The Estates of Scotland met at Scone (April 11, 1286) and swore loyalty to their child queen, “the Maid of Norway,” granddaughter of Alexander III. Six guardians of the kingdom were appointed on April 11, 1286. They were the Bishops of St Andrews and Glasgow, two Comyns (Buchan and Badenoch), the Earl of Fife, and Lord James, the Steward of Scotland. No Bruce or Baliol was among the Custodians. Instantly a “band,” or covenant, was made by the Bruces, Earls of Annandale and Carrick, to support their claims (failing the Maid) to the throne; and there were acts of war on their part against another probable candidate, John Balliol. Edward (like Henry VIII. in the case of Mary Stuart) moved for the marriage of the infant queen to his son. A Treaty safeguarding all Scottish liberties as against England was made by clerical influences at Birgham (July 18, 1290), but by October 7 news of the death of the young queen reached Scotland: she had perished during her voyage from Norway. Private war now broke out between the Bruces and Balliols; and the party of Balliol appealed to Edward, through Fraser, Bishop of St Andrews, asking the English king to prevent civil war, and recommending Balliol as a person to be carefully treated. Next the Seven Earls, alleging some dim elective right, recommended Bruce, and appealed to Edward as their legal superior.

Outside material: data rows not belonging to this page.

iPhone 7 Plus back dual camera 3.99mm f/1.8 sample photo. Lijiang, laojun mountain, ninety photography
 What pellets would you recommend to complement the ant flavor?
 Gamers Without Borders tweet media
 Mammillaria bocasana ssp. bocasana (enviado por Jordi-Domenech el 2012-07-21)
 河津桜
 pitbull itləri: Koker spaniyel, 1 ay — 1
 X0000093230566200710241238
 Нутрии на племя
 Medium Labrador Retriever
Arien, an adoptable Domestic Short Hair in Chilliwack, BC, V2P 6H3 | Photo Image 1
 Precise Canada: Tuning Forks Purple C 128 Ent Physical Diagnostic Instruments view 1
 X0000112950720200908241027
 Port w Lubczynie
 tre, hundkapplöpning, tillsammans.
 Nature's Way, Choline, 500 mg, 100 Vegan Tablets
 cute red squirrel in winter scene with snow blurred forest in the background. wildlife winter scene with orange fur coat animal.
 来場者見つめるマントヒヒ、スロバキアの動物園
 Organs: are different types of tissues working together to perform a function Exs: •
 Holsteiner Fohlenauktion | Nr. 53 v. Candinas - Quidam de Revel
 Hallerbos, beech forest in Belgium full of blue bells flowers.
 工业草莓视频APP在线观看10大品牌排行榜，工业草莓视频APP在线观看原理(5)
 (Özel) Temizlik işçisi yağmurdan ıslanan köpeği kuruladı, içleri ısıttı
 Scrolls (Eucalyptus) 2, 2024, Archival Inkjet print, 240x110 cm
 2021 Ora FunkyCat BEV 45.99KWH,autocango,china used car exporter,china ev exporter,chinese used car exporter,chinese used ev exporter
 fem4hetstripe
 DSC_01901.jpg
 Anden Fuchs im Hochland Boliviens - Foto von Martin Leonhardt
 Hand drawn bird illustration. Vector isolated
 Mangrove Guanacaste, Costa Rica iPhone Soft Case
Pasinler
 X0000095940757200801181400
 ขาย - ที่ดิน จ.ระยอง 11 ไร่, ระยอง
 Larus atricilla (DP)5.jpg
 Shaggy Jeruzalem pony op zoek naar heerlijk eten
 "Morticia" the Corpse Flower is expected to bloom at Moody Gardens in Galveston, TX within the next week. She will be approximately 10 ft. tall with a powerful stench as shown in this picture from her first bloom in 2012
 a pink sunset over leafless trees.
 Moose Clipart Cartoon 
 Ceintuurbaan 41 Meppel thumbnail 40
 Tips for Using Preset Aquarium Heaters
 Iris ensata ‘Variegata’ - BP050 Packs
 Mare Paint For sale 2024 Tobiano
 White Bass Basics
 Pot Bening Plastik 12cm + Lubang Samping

Edward came to Norham-on-Tweed in May 1291, proclaimed himself Lord Paramount, and was accepted as such by the twelve candidates for the Crown (June 3). The great nobles thus, to serve their ambitions, betrayed their country: the communitas (whatever that term may here mean) made a futile protest.
As lord among his vassals, Edward heard the pleadings and evidence in autumn 1292; and out of the descendants, in the female line, of David Earl of Huntingdon, youngest son of David I., he finally (November 17, 1292) preferred John Balliol (great-grandson of the earl through his eldest daughter) to Bruce the Old, grandfather of the famous Robert Bruce, and grandson of Earl David’s second daughter. The decision, according to our ideas, was just; no modern court could set it aside. But Balliol was an unpopular weakling—“an empty tabard,” the people said—and Edward at once subjected him, king as he was, to all the humiliations of a petty vassal. He was summoned into his Lord’s Court on the score of the bills of tradesmen. If Edward’s deliberate policy was to goad Balliol into resistance and then conquer Scotland absolutely, in the first of these aims he succeeded.
In 1294 Balliol was summoned, with his Peers, to attend Edward in Gascony. Balliol, by advice of a council (1295), sought a French alliance and a French marriage for his son, named Edward; he gave the Annandale lands of his enemy Robert Bruce (father of the king to be) to Comyn, Earl of Buchan. He besieged Carlisle, while Edward took Berwick, massacred the people, and captured Sir William Douglas, father of the good Lord James.